The whole experience left Joe angry on a level he'd never even thought possible. He was humiliated and betrayed by Hunter, but he was furious with himself. Even now, after everything that had happened, the thought of his friend's lean, athletic body and bearded face made his stomach flutter. The first thing he saw every time he closed his eyes was the image of his friend when they'd lived together, his deceptively charming grin flashing in his direction while Hunter lounged in his boxers. He could trace the lines of definition covering the other man's lean, muscled torso, counting the wiry auburn hairs dusting his modest pecs and trailing down his firm abs before exploding out the bottom in a dense coating around his supple thighs. His cock still throbbed whenever he thought about the way his friend's surprisingly round bottom bubbled out the back of his boxers, or the way Hunter's soft, shaggy brown hair had felt whenever he'd given it a rough tousle.

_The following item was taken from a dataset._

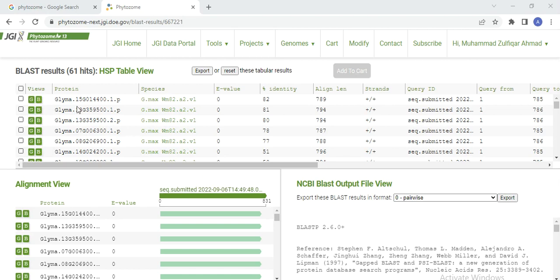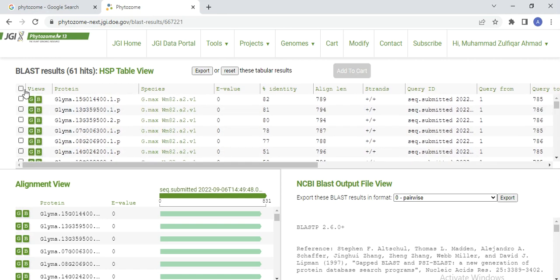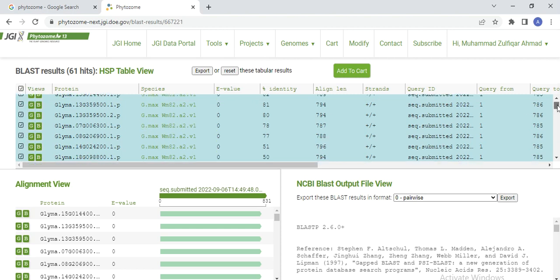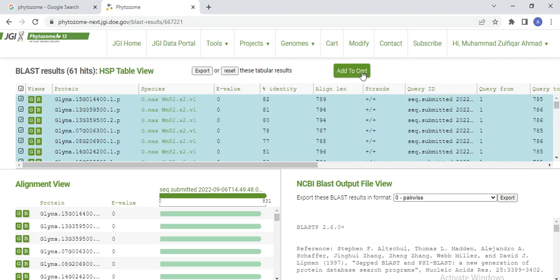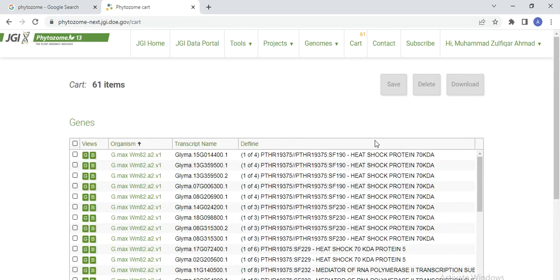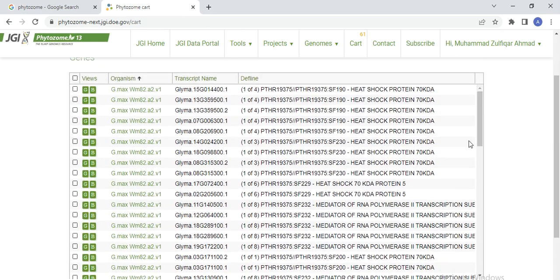Here I found these transcripts — the number of transcripts equals the number of genes. You need to select all, and then use Add to Cart. Here 61 items are added. Then go to your cart and click on it — here you will see all your transcripts or gene details.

Joe knew his feelings were foolish. He was in better shape, with a larger build and more definition than Hunter had. He was more hung, having a solid two inches over his friend's meager five, and with his short, raven hair and olive skin, he was the more handsome of the two. Joe had absolutely zero difficulty landing interested men; the problem was that he didn't want them. His heart only wanted Hunter and retribution, and it wanted them at the same time.
So he'd sit on the log for day's if he had to. He'd strip down, anoint himself with the pungent oils, and offer to pay whatever price was asked if it meant he'd get his wish. Alone in the pitch black forest with nothing but his rage to keep him company, he'd wait.
It was the lack of sound that caught his attention first. His mind had filtered the constant rustling of leaves and snapping of small twigs as white noise, barely registering after hours of sitting in its midst. He didn't know how long the nocturnal forest had been silent, but he knew he wasn't alone. The startled young man was afraid to turn his head for fear of what he'd see. He could sense the shape on the log next to him, could smell a musty, spicy aroma that made his eyes water. His heart was pounding in his chest and only the stiffness of his legs kept him from getting up and running.
"Gonna cost ya." The voice was hoarse and raspy with age, sounding like rattling leaves from a breeze rustling through the treetops.
Joe swallowed hard and tried to sound confident. "I'll pay." He shuffled the bag on the ground over towards the thing sitting next to him, getting a quick glance of the bare, gnarled feet and filthy toes capped by hooked, curling nails.
The deep, guttural noise could have been a laugh. "Not with that."
"Whatever the price...I'll pay it." Joe tensed when a bony, inhumanly strong hand reached over and cupped his jaw. He winced in pain as the fingers closed like a vice, forcing his head to turn and look at the withered crone. Her white hair was long and stringy, hanging off her mostly bald scalp in patches and descending down to mingle with her tattered, patchwork clothes. The woman's pale, wrinkled skin was mottled by dirt and moss, her eyes a sickly, jaundiced yellow, and what few teeth she had were nearly as black as the forest around them as she smiled at Joe. She held the young man's head in place, her eyes boring into his as a drunken dizziness washed over him. Joe felt like he was floating, the forest around him disappearing into a sea of black. Even the woman vanished until all that remained were the diseased eyes, glowing with an internal radiance as they grew to twin suns hovering in the void.
"Guess you will," she rasped, finally letting go.